_Work order_: Would you return exactly the lines running from the one with "Tania Ferreira Avatar" to the bottom of the listing below, and no others?

_Given material_:
-----
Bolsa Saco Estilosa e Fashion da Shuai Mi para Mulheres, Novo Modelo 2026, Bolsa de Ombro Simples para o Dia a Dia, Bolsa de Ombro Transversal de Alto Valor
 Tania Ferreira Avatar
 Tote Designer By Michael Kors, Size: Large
-----
_Output for this exercise_:
 Tania Ferreira Avatar
 Tote Designer By Michael Kors, Size: Large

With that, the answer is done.